Dissertation Defense

Geospatial Analytics for Point Clouds
in an Open Science Framework

Vaclav (Vashek) Petras

North Carolina State University
GeoForAll Lab at Center for Geospatial Analytics

April 23, 2018

wenzeslaus.github.io/dissertation-presentation

Point Cloud

  • set of points in 3D space
  • “a lot of XYZ coordinates”
  • sources
    • airborne lidar
    • terrestrial lidar
    • SfM-derived (based on UAV imagery)
    • short-range sensors

Point Cloud Applications

  • flood modeling [e.g., Webster et al. 2010]
  • wildfire fuel assessment [e.g., Gajardo et al. 2014]
  • habitat characterization [e.g., Sasaki et al. 2016]
  • land cover classification [e.g., Antonarakis et al. 2008]
  • ...

Outline

  • Point densities in point clouds
  • Description of 3D vegetation structure
  • Reproducibility and open science
    • Go to codeocean.com
    • Search for “petras”
    • Select “Generalized 3D Fragmentation Index Derived From Lidar Point Clouds”
    • Run the code
    • Create an account (name, email, password + ToU & PP + confirmation email)
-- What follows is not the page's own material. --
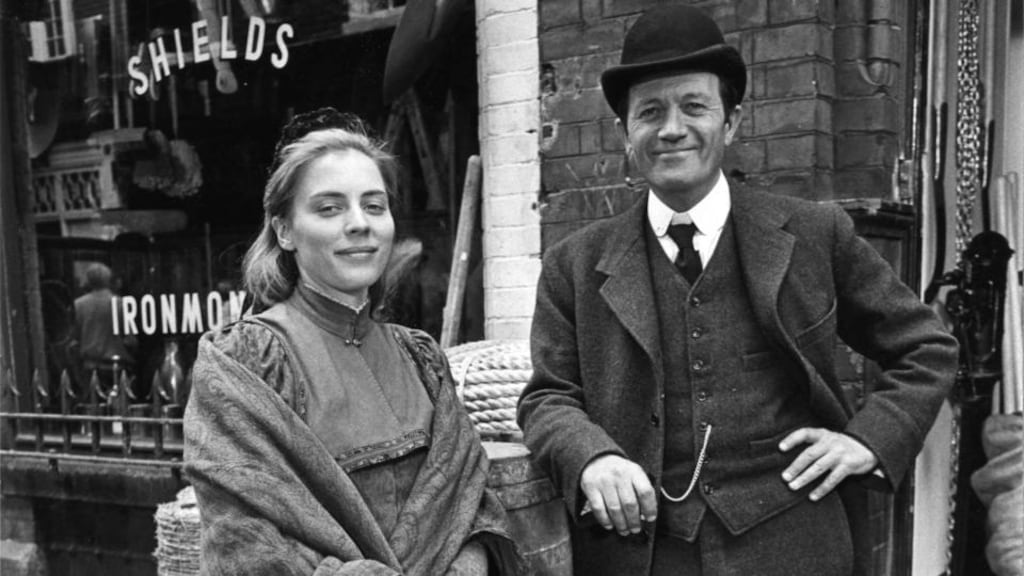 Saskia Reeves and Donal McCann taking a break from the shooting of the film December Bride in Anglesea Street, Dublin in 1989. Photograph: Paddy Whelan/The Irish Times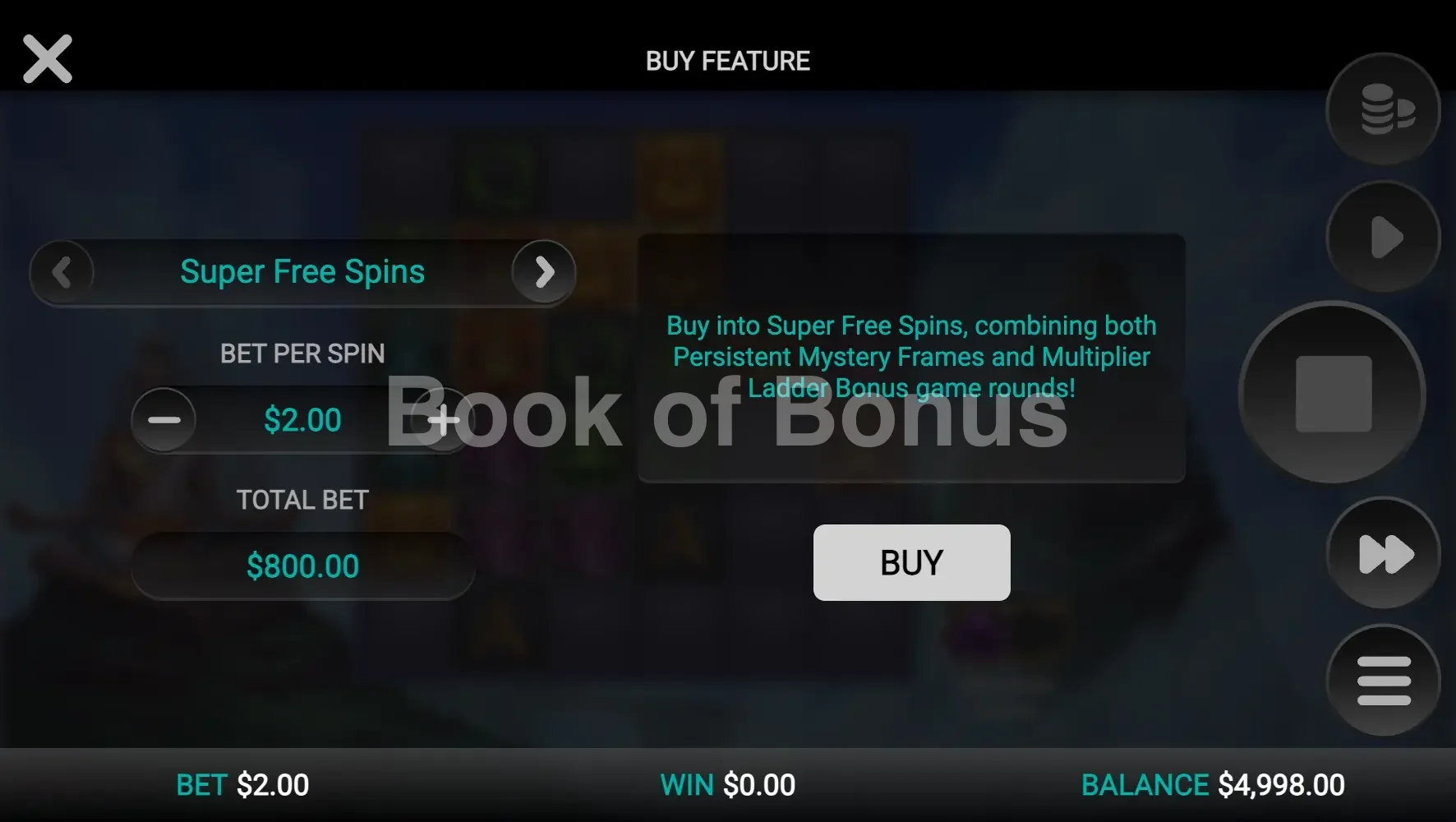 Aura God par Relax Gaming - menu d'achat de bonus et options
Point Densities in Point Clouds

Point Density Anomalies in Point Clouds (Chapter 2)
Homogenization and Decimation of Point Clouds (Chapter 3)

Point Densities

  • spatial distribution of points in a point cloud



natural and planted forest (transect) distinguished by vertical distribution of points

Point Density Applications

  • vegetation structure [e.g., Sasaki et al. 2016]
  • subcanopy solar radiation model [e.g., Bode et al. 2014]
  • biomass estimation [e.g., Calders et al. 2015]
  • leaf area density distribution [e.g., Oshio et al. 2015]
  • crown density [e.g., Dalponte et al. 2009]
  • ...

Questions

  • What are density anomalies and why are they important?
  • What are their causes and their solutions?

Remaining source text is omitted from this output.